Work to be completed:
For this exercise, repeat the listing below from its first line through the line containing "Sunglass Baby LOVE sticker #12622677", exactly as written.

###

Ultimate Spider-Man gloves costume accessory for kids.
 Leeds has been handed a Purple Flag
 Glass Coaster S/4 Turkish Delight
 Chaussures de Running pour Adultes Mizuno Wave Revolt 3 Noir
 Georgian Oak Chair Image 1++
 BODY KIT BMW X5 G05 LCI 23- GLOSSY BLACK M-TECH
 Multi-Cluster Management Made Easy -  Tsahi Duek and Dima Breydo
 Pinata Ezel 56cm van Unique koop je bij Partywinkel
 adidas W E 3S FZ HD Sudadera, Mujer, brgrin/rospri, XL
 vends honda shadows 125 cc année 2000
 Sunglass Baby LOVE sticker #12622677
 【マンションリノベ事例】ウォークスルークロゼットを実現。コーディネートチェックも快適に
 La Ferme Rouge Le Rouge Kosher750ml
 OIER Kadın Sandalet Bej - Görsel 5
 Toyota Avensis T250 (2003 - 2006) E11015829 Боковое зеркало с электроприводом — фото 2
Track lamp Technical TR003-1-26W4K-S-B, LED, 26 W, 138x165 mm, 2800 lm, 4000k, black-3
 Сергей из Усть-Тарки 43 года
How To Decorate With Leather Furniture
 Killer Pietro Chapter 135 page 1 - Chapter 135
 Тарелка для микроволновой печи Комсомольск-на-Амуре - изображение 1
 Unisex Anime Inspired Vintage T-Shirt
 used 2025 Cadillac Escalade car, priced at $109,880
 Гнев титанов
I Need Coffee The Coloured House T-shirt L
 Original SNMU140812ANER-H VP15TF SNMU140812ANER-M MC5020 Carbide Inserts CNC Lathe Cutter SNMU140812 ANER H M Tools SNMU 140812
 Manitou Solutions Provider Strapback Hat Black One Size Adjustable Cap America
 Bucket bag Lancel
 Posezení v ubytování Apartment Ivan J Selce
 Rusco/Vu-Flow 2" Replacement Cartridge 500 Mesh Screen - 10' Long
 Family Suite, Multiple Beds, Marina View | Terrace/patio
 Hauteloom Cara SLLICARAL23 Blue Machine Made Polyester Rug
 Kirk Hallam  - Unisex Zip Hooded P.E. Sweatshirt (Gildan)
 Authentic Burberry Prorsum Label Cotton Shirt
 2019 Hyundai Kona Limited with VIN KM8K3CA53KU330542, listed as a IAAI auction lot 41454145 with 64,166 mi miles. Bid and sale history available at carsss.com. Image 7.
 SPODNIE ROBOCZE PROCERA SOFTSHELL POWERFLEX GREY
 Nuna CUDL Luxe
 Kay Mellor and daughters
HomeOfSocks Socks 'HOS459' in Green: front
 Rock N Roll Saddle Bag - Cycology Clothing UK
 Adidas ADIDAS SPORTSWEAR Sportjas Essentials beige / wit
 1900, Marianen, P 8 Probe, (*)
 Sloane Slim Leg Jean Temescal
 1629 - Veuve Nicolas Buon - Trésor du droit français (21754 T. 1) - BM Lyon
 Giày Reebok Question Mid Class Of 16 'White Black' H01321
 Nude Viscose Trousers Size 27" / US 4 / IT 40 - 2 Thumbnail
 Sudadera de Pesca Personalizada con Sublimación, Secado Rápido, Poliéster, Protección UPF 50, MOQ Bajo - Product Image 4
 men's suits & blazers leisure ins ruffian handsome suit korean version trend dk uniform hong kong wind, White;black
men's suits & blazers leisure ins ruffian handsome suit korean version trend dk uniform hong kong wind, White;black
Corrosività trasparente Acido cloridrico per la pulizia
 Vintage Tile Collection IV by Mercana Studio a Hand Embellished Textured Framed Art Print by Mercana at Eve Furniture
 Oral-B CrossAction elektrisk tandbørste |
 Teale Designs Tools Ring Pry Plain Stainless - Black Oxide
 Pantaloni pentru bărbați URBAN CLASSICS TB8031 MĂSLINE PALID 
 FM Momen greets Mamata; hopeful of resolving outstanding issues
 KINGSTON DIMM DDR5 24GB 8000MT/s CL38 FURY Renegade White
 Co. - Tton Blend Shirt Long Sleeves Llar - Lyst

###

Solution to this task:
Ultimate Spider-Man gloves costume accessory for kids.
 Leeds has been handed a Purple Flag
 Glass Coaster S/4 Turkish Delight
 Chaussures de Running pour Adultes Mizuno Wave Revolt 3 Noir
 Georgian Oak Chair Image 1++
 BODY KIT BMW X5 G05 LCI 23- GLOSSY BLACK M-TECH
 Multi-Cluster Management Made Easy -  Tsahi Duek and Dima Breydo
 Pinata Ezel 56cm van Unique koop je bij Partywinkel
 adidas W E 3S FZ HD Sudadera, Mujer, brgrin/rospri, XL
 vends honda shadows 125 cc année 2000
 Sunglass Baby LOVE sticker #12622677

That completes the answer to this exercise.